West Valley City • The city will spend $90,000 to upgrade the bomb and metal detector security system at the publicly owned Maverik Center.
The move comes after a unanimous vote by the West Valley City Council on Tuesday evening.
The money will buy 16 new detectors at $4,600 a copy plus additional equipment.
City officials said the upgrade is standard and was not triggered by specific safety threats.
“Already, there are many security measures in the Maverik Center, and in venues, when things become available and the timing is right, we say, ‘Well, let’s take the next step,’” Mayor Ron Bigelow said. “That’s all it is — routine.”
The new software, called elliptic metal detector, allows Maverik Center patrons to move through security lines at a more efficient pace while also increasing bomb and gun detection. Patrons will also be able to see through and past the detectors.
“It just helps us with consistency and efficiency in the screening process,” said Kevin Bruder, general manager of the multipurpose arena located in West Valley City. “The technology is there just to help the speed.
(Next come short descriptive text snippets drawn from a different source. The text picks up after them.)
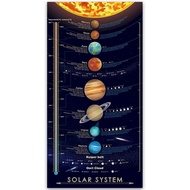 Newest Poster Solar System Print Poster Large Space Outer Planets Painting Kids Wall Art Decor Hallw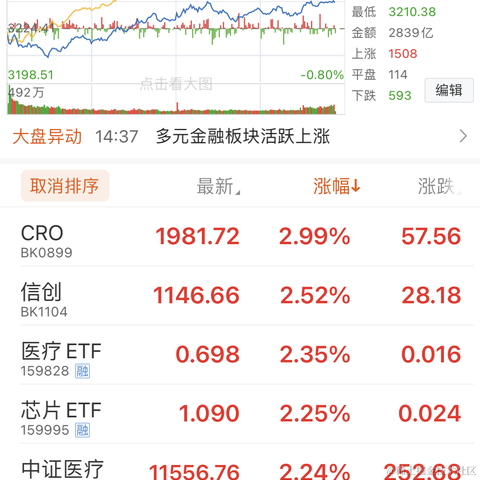 面包真好喝于2023-01-19 16:00发布的图片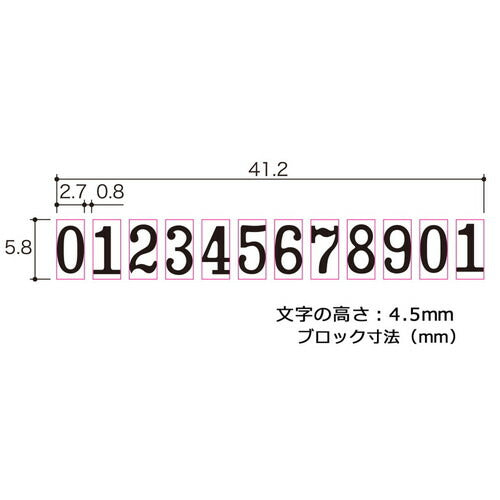 プラス ナンバーリング S型 A字体 IJ-123S – FUJIX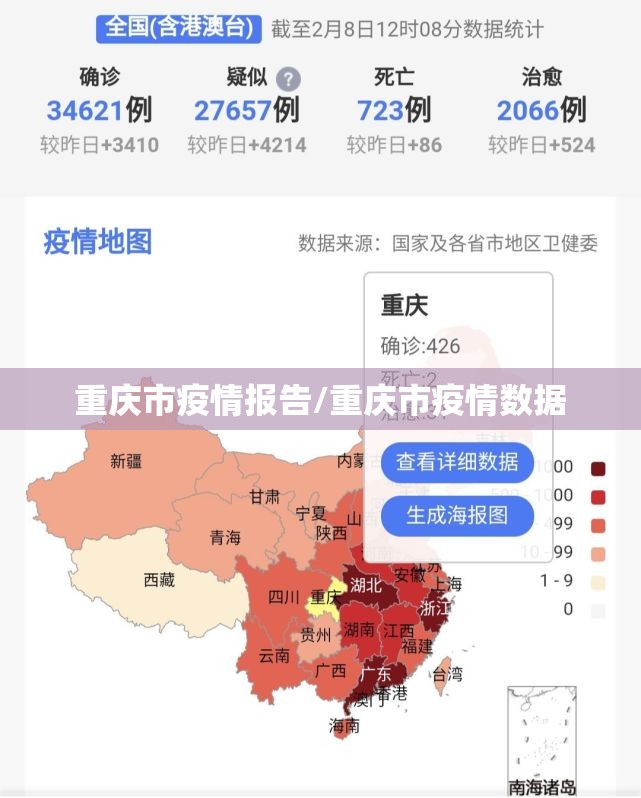 重庆市疫情报告/重庆市疫情数据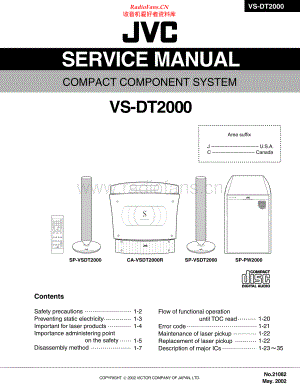 JVC-VSDT2000-cs-sm 维修电路原理图.pdf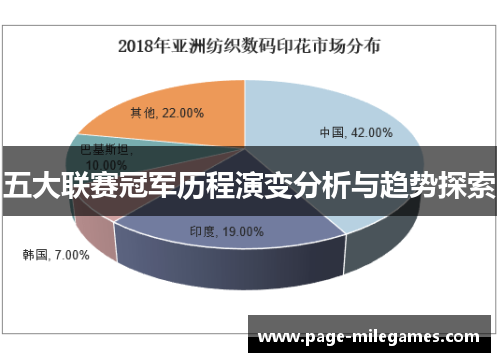 五大联赛冠军历程演变分析与趋势探索
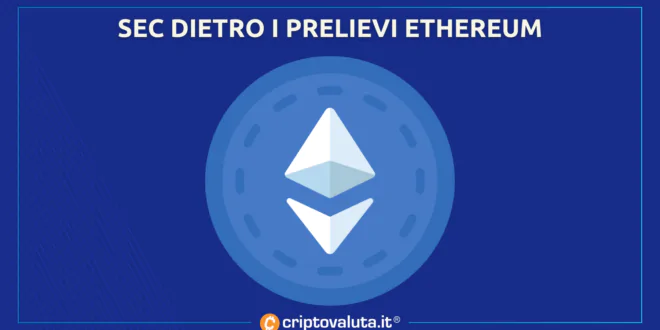 Kraken Prelievi Ethereum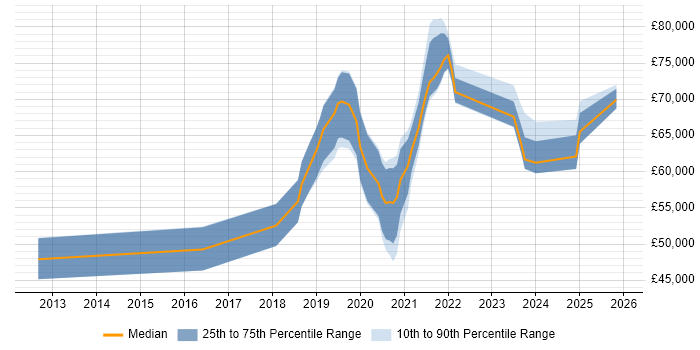 Salary distribution trend for Senior DevOps Engineer job vacancies in Wiltshire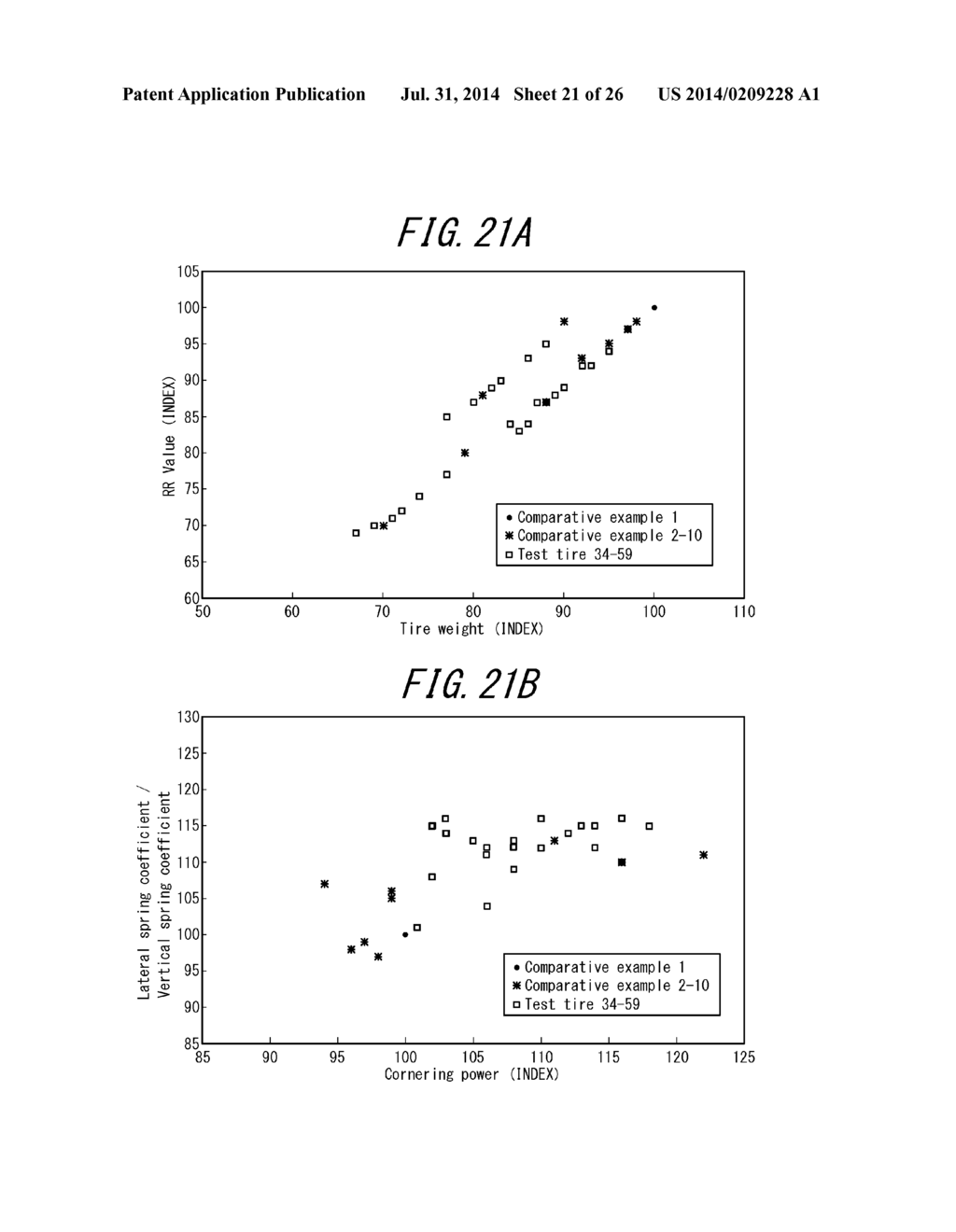 PNEUMATIC RADIAL TIRE FOR A PASSENGER VEHICLE AND METHOD OF USING THE SAME - diagram, schematic, and image 22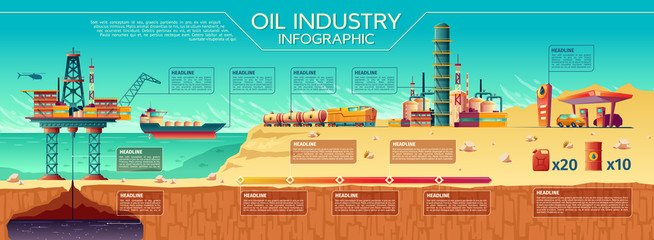 vector oil industry presentation infographics. offshore crude oil extraction, transportation, refine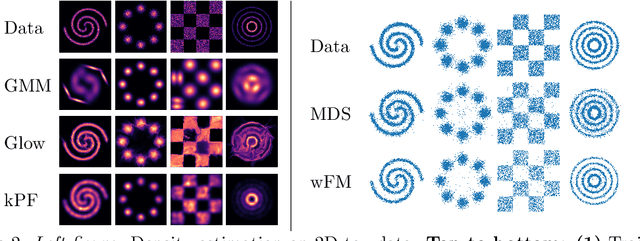 Figure 2 for Forward Operator Estimation in Generative Models with Kernel Transfer Operators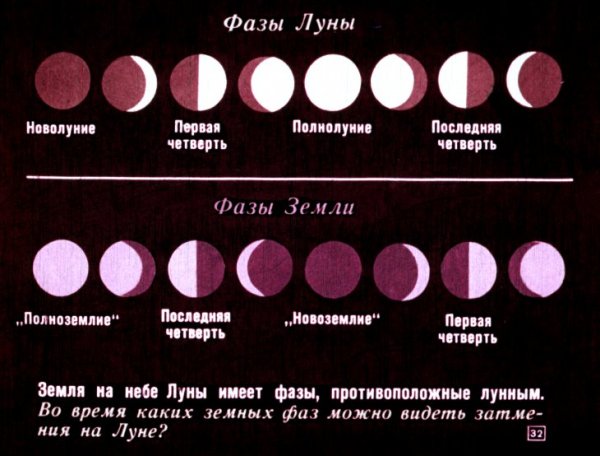 Первая и последняя четверть Луны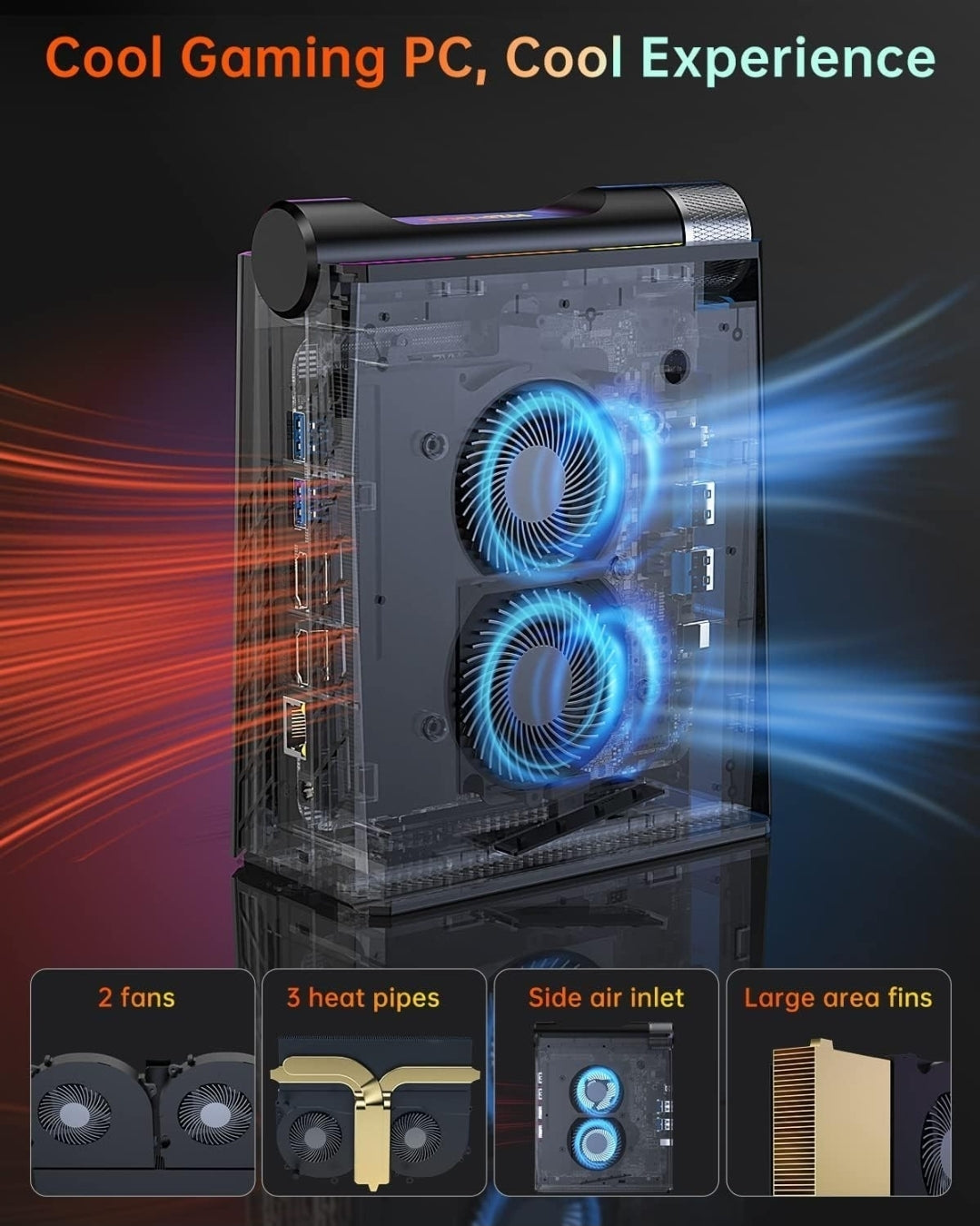 🚀 Mini PC Gaming Ryzen 7 | 32GB DDR5 | 512GB SSD | WARZONE | FORTNITE | GTA V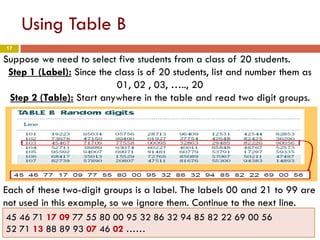17
Using Table B
Suppose we need to select five students from a class of 20 students.
Step 1 (Label): Since the class is of 20 students, list and number them as
01, 02 , 03, ….., 20
Step 2 (Table): Start anywhere in the table and read two digit groups.
Each of these two-digit groups is a label. The labels 00 and 21 to 99 are
not used in this example, so we ignore them. Continue to the next line.
45 46 71 17 09 77 55 80 00 95 32 86 32 94 85 82 22 69 00 56
52 71 13 88 89 93 07 46 02 ……
 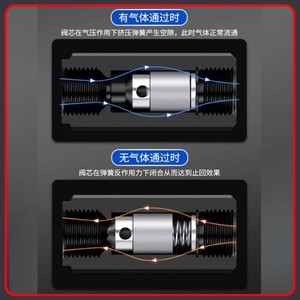 Válvula de Control de Flujo Unidireccional Serie La H16L M22 1.5 63L Min, Hidráulica y Neumática - Product Image 3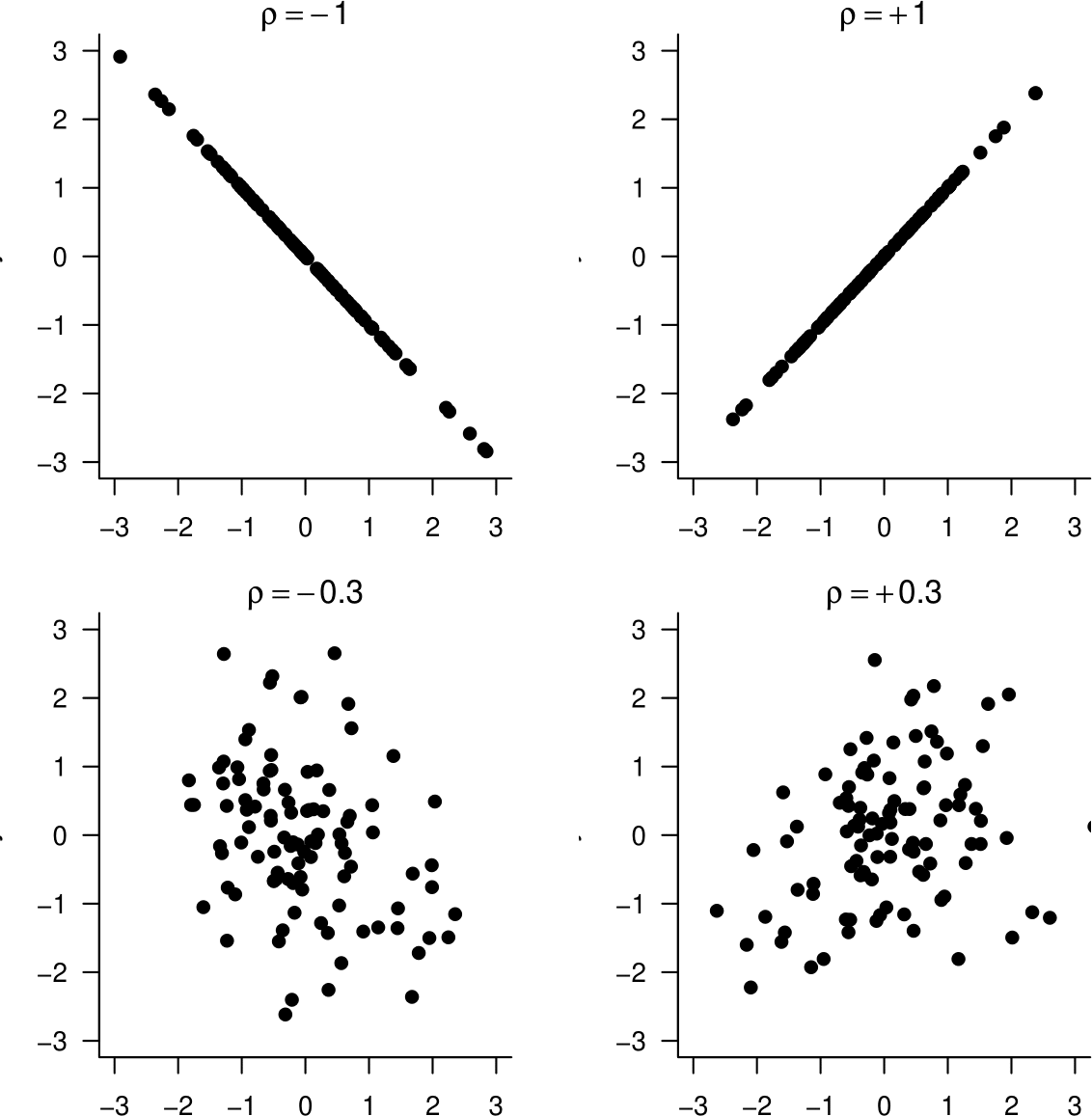 Samples from distributions with correlations $\rho=0$ (2 of them), $\rho=\pm 0.3, \rho=\pm 0.7$ and $\rho=\pm 1$.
It will make it much more efficient.”
Wayne Pyle, city manager, said the technology is “cheaper than it used to be,” which is partly why the city council recently began considering the new software.
“There’s an increasing demand from the safety and security standpoint from customers themselves,” Pyle said. “It’s easier to institute those changes which are in more demand.”
Before entering the venue, patrons will walk through a body scanner similar to those used in airports, and the scanner will detect metallic substances and alert the security screener of any detection.
The detector will also be able to screen patrons on the nonsecure side, to move the lines even faster.
While city officials said there was no particular threat that sparked a need for such security, Bigelow said “the world is changing,” and Maverik Center customers expressed a desire for stronger security measures.
“Our number one goal is to keep people safe,” Bigelow said.
Bruder said such measures are “commonplace and considered best practice,” in venues throughout the country.
Nicole Cottle, director of community and economic development for West Valley City, said the technology is should be in place within the next 30 days, and the venue will not close during the installation.